I have a few conceptual issues following a standard thought experiment to argue why light bends in a gravitational field and I'm hoping I can clear them up here.
Consider an observer in a lift in free-fall in a uniform gravitational field and an observer at rest in the uniform gravitational field. Suppose that a laser is fired from a fixed height on the inside of the lift from one side to the other. According to the equivalence principle, inside the lift the laws of special relativity apply and the observer in the lift will observe the laser beam to travel from one side of the lift to the other in a straight line (at a fixed height). However, the stationary observer outside the lift will observe the lift to accelerate downwards at some constant acceleration $g$....

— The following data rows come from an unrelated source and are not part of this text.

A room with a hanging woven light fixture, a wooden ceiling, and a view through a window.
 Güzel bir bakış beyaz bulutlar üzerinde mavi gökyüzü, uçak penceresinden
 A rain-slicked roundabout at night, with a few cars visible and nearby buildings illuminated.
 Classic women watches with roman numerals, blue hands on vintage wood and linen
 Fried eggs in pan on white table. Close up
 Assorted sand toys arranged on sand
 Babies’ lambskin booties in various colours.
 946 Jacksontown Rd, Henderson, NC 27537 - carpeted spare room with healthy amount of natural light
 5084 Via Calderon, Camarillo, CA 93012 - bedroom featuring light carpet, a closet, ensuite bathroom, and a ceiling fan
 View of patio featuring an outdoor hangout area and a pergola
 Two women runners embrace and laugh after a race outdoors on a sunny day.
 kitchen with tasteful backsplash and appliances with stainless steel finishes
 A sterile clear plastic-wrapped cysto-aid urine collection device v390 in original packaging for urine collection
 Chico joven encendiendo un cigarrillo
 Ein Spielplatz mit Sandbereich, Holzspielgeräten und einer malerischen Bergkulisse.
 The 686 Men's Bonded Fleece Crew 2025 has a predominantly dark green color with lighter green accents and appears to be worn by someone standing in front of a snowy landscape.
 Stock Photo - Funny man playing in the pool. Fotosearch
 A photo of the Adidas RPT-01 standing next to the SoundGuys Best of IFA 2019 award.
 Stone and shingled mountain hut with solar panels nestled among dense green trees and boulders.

Now, I understand it up to this point, but doesn't one have to invoke the principle of (general) relativity, i.e. that all observers are equivalent, in order to complete the argument? To me this seems to make sense, and (personally) I would complete the argument as follows:
... Now, if the stationary observer (outside of the lift) were to observe the laser beam to propagate in a straight line then it would arrive at the other side of the lift at a different height to that observed by the observer inside the lift. This, however, would distinguish between reference frames, violating the principle of (general) relativity. In order for the principle of (general) relativity to hold we must therefore conclude that the (external) stationary observer observes the light to arrive at the other side of the lift at the same height as that recorded by the observer inside of the lift. As the lift is accelerating downwards at $g$ relative to the (external) stationary observer, this implies that the laser beam must follow a curved path. Thus light "bends" in the presence of a uniform gravitational field.
Would this argument be correct at all? (I feel I may be over thinking the issue!).